In Israel the Courts (myself included) have used concepts of contract (express or implied), trusts (in particular constructive trusts), and reliance on representations made, analysing the conduct of the parties in relation to these and other concepts. But this is still a work in progress, and thus a rush to legislation is, in my view, premature.

I agree that what is needed is education, in the sense that people entering into relationships of this kind need to be aware that they are getting into largely uncharted territory, until the highest courts have fixed binding precedents, and that a way to avoid the rocks and shoals of litigation is to sign contracts, as early as possible in the relationship.

50/50 Custody Arrangements

Discussion on LinkedIn Family Law Forum, December 2012

Christina M.
Author, Divorce Coach, Parent Educator and Professional Speaker, Houston, Texas Area

I’m currently working with another parent on a legislative proposal that addresses 50/50 custody in Texas. I would love to talk with parents who have had positive or negative experience with this type of parenting arrangement. In short we’d like to know what makes 50/50 custody work and when is it a recipe for disaster.

Philip Marcus:
You might want to look at research by Dr Jennifer MacIntosh and others about legislation for equal time parenting in Australia. I understand that the prevailing view is that it failed to show benefits for fathers or mothers or children.

 

Parental Alienation

Discussion on LinkedIn Family Law Forum, November 2012

Shawn W., Chair, Social Media Committee at Collaborative Practice California (CPCAL)

It’s official, Parental Alienation Syndrome is not going to be included in the DSM-V. Frankly, I am relieved.

So it’s official.  The American Psychological Association has made it clear that Parental Alienation Syndrome (PAS) will not be included in the forthcoming DSM-V as a psychological disorder.  Frankly, I am relieved.
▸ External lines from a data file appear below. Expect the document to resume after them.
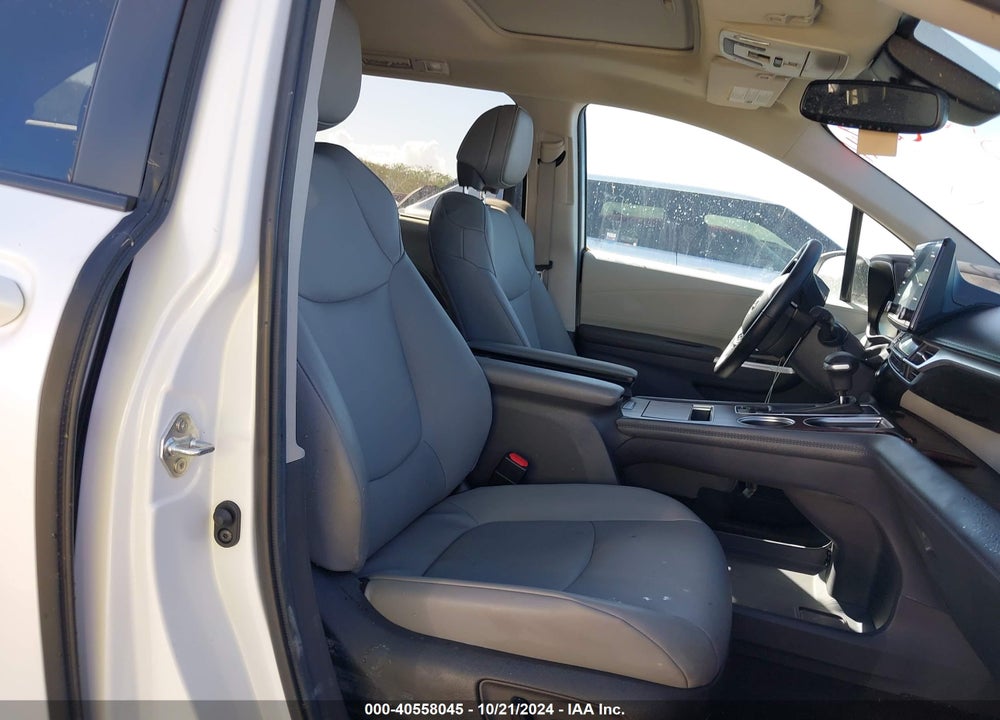 2024 TOYOTA SIENNA XLE VIN: 5TDYRKEC2RS200895
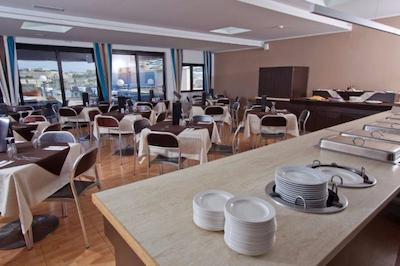 115 د استراند هتل اند سویتز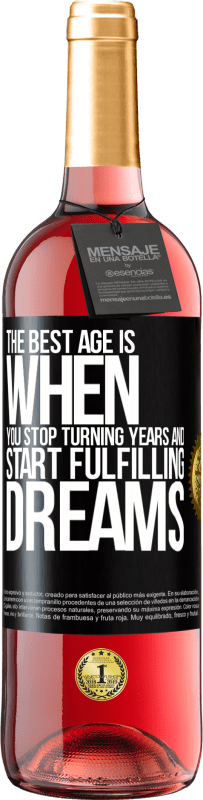 29,95 € 免费送货 | 桃红葡萄酒 ROSÉ版 最好的年龄是当你停止岁月而开始实现梦想时 黑标. 可自定义的标签 青年酒 收成 2023 Tempranillo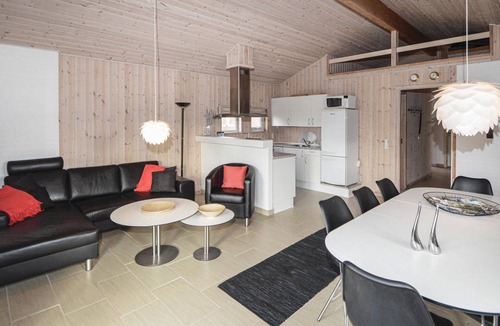 Silkeborg House | Beautiful home in Silkeborg with WiFi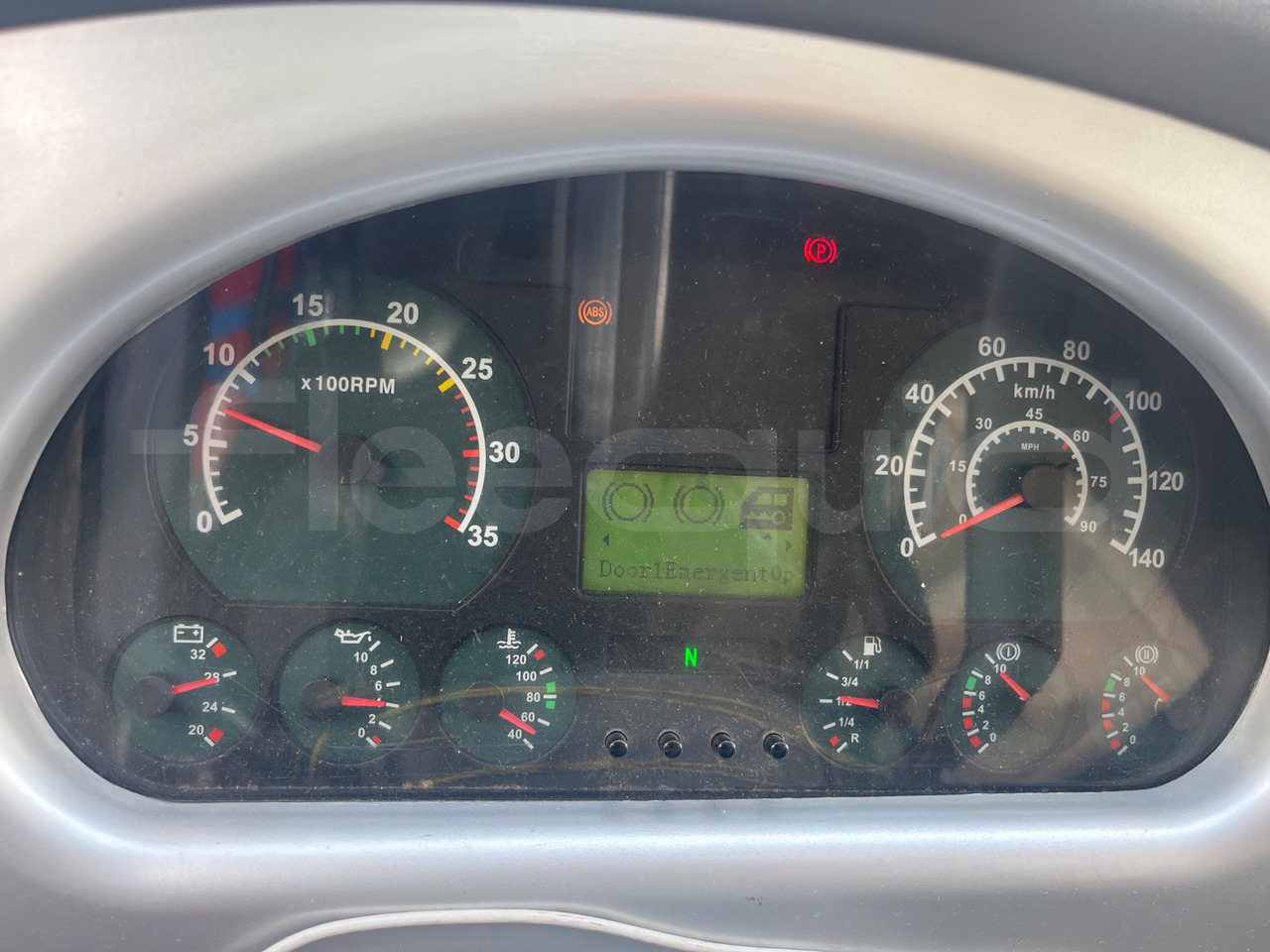 King Long XMQ6900 - 대형 버스 : 사진 3 King Long XMQ6900 - 대형 버스 : 사진 3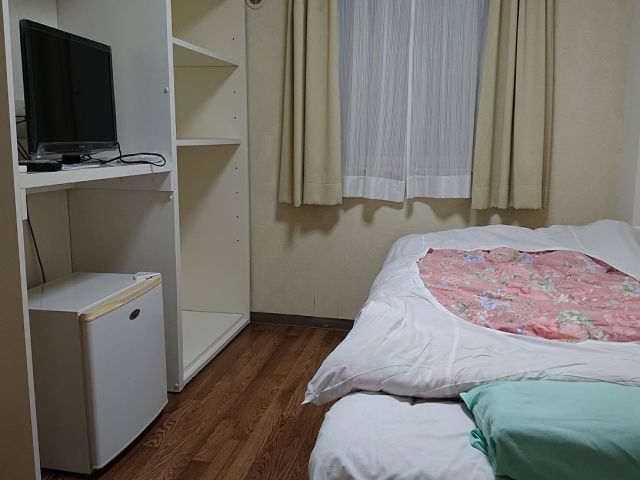 女性向けのお部屋
水回り共同ですがシャワールームや浴場も寮内に完備してます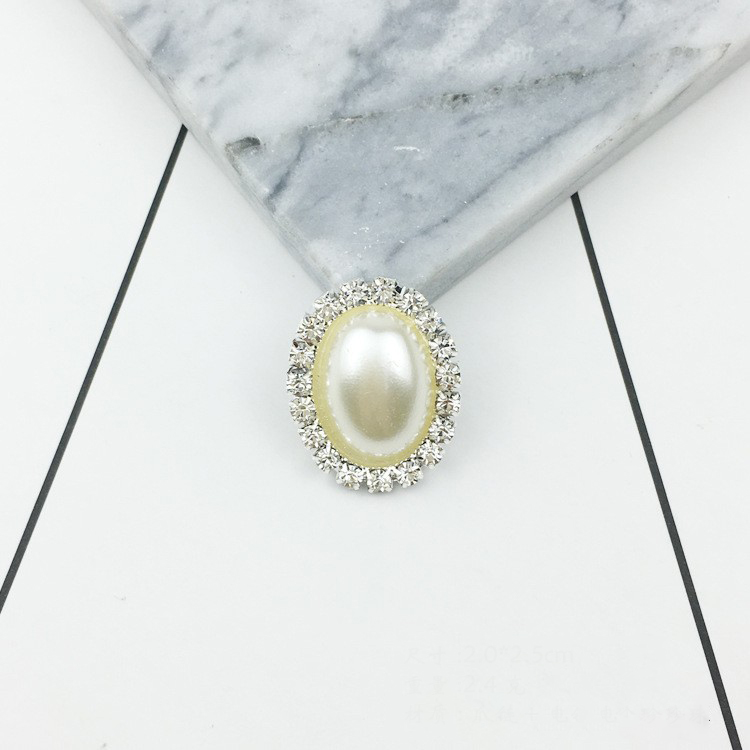 7:1179#-7 m White/1212# M White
I have seen some very alienating behavior over the years in my family law practice.  It comes from both genders and every time it comes up, a child is harmed.  Sometimes it is driven by emotional issues such as addiction, abuse or even a personality disorder.  More often than not, however, it is just because someone is being mean by putting their poor emotionally defenseless child in the middle of their divorce.
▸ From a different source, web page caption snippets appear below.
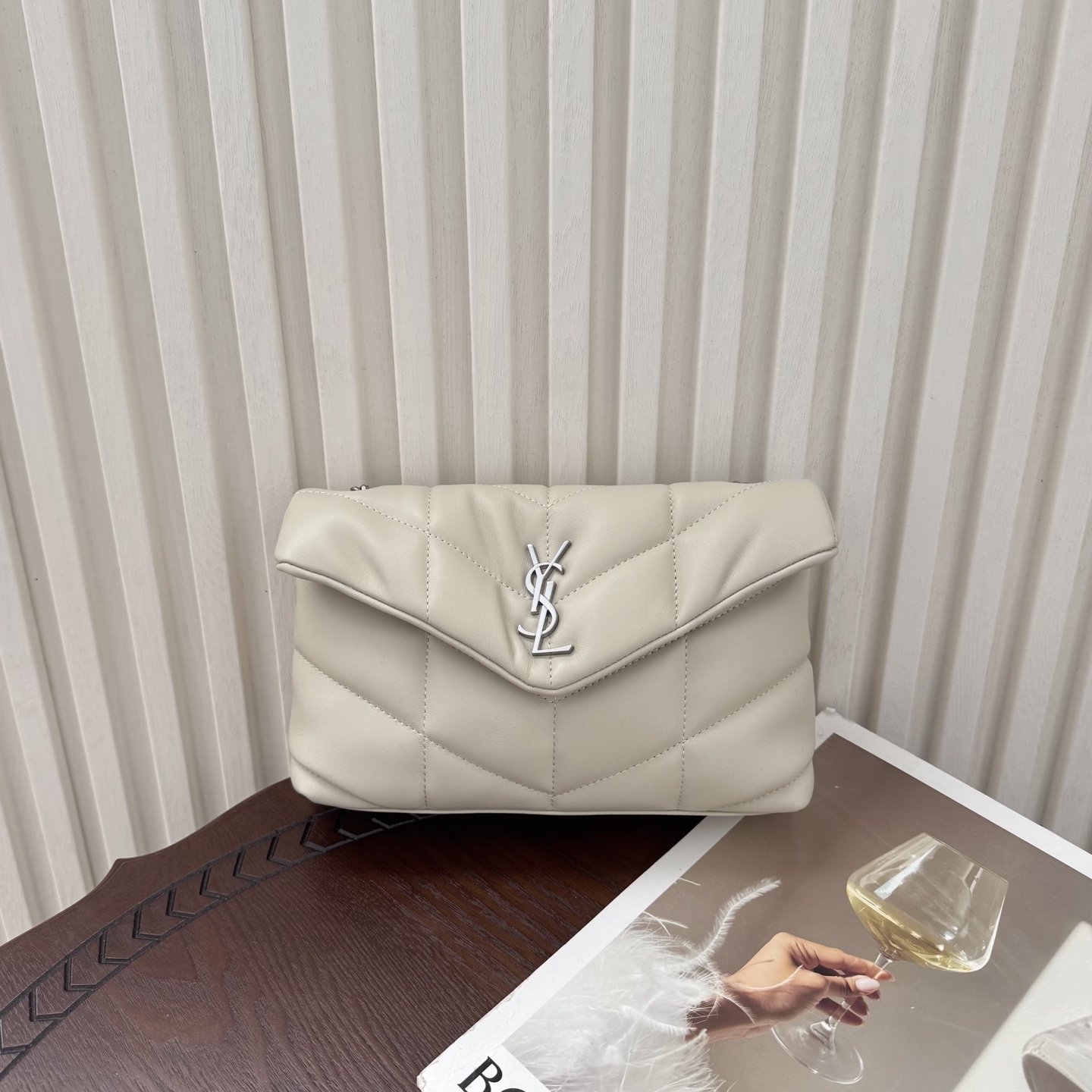 全套包装！LOULOU PUFFE迷你号绗缝小羊皮包，手感柔软细腻的小羊皮，罗缎衬里，能装轻便，单肩斜挎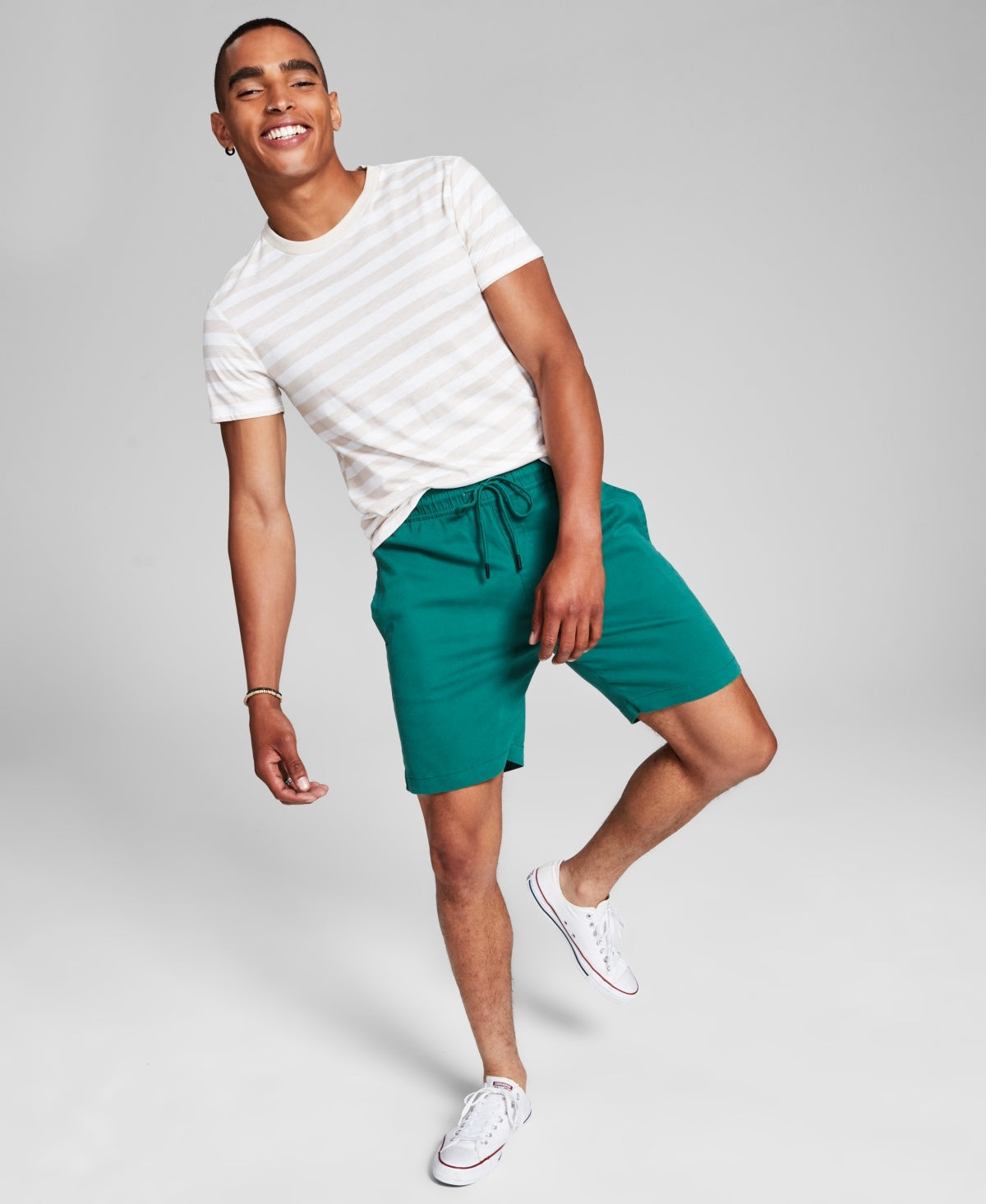 And Now This Men's Brushed Twill Everyday Short Green Medium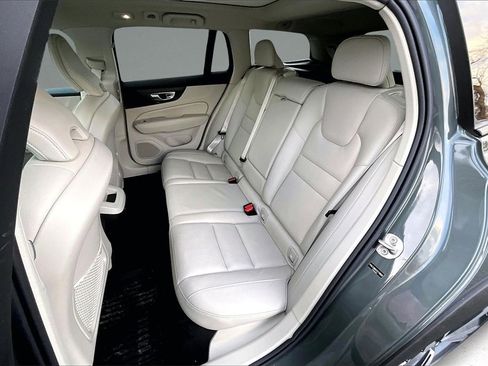 Certified 2026 Volvo V60 B5 Cross Country Plus w/ Protection Package Premier image 21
I have had many potential clients call me wanting to launch a legal campaign in family court based on PAS.  I try to explain that the science is considered unreliable.  However, these parents often feel so convinced that they are victims of PAS that they won’t hear anything else.  When I start to explain that PAS is not a recognized psychological disorder, I am quickly written off.

Philip Marcus:
The January 2010 Issue of the Family Court Review (Volume 48 No 1) contained some important insights into Contact Refusal, including a more nuanced approach to the issue than defining all cases as resulting from alienation of the child by one parent against the other. This reflects the large variety of typologies encountered by judges. One especially important article, by Steven Friedlander and Marjorie Gans Walters, “When a Child Rejects a Parent: Tailoring the Intervention to Fit the Problem”, (op. cit., p. 98) I found especially useful in determining cases and deciding on management and treatment options.
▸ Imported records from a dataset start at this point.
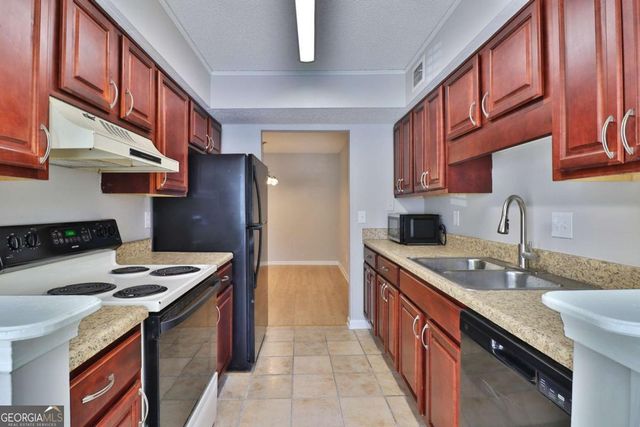 1412 Huntingdon Chase, Sandy Springs, GA 30350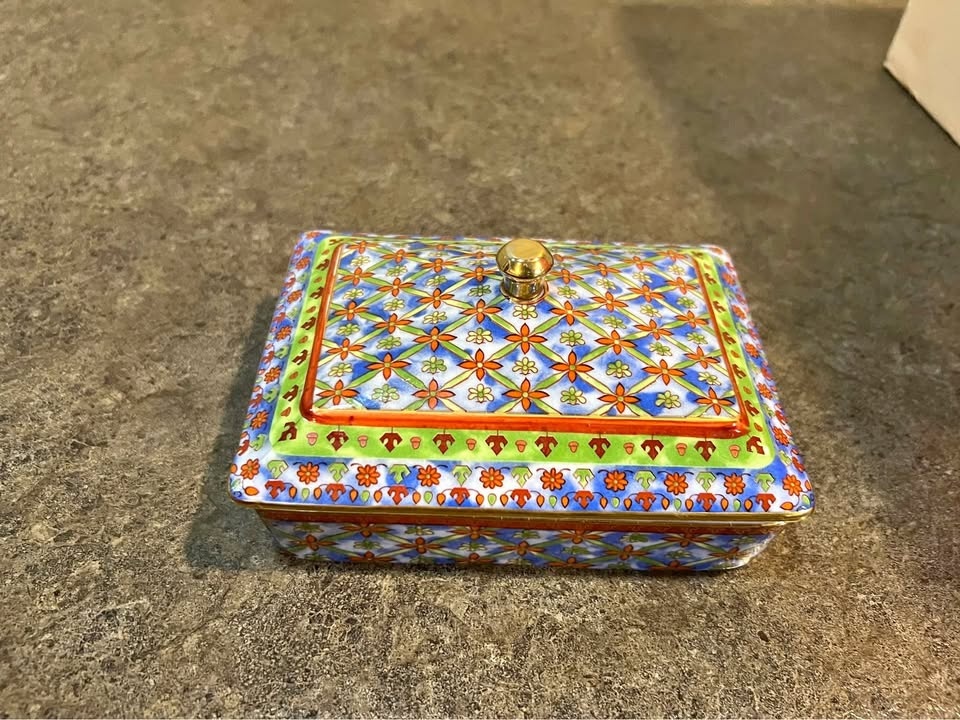 Vintage Neiman Marcus Porcelain Two Deck Box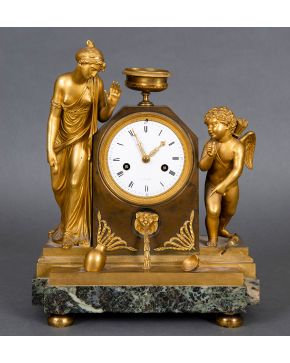 742-Reloj en bronce dorado recreando una fuente con figuras de Cupido y Venus en bulto redondo. Numeración romana. Firma de Kinable. Francia, s. XIX.  Medidas: 32 cm.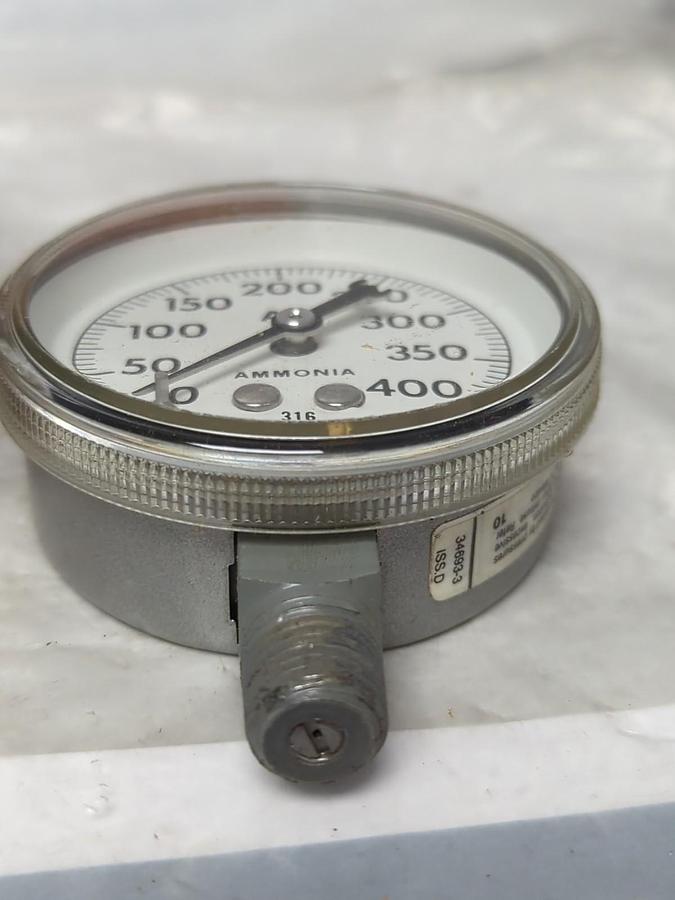 MARSH,W0164,GAUGE 2-1/2 IN FACE 1/4 IN BOTTOM CONNECTION NOS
It may well be that the decision to exclude PAS from DSM was motivated by this approach – one size does not fit all. But the mere fact of exclusion does not lead to the conclusion that the phenomenon of Contact Refusal does not exist, or that in some or many cases one parent is primarily responsible. So treatment is essential, and the challenge is to provide treatment within the financial capacity of the funders – who may be public authorities, charities or the parents themselves.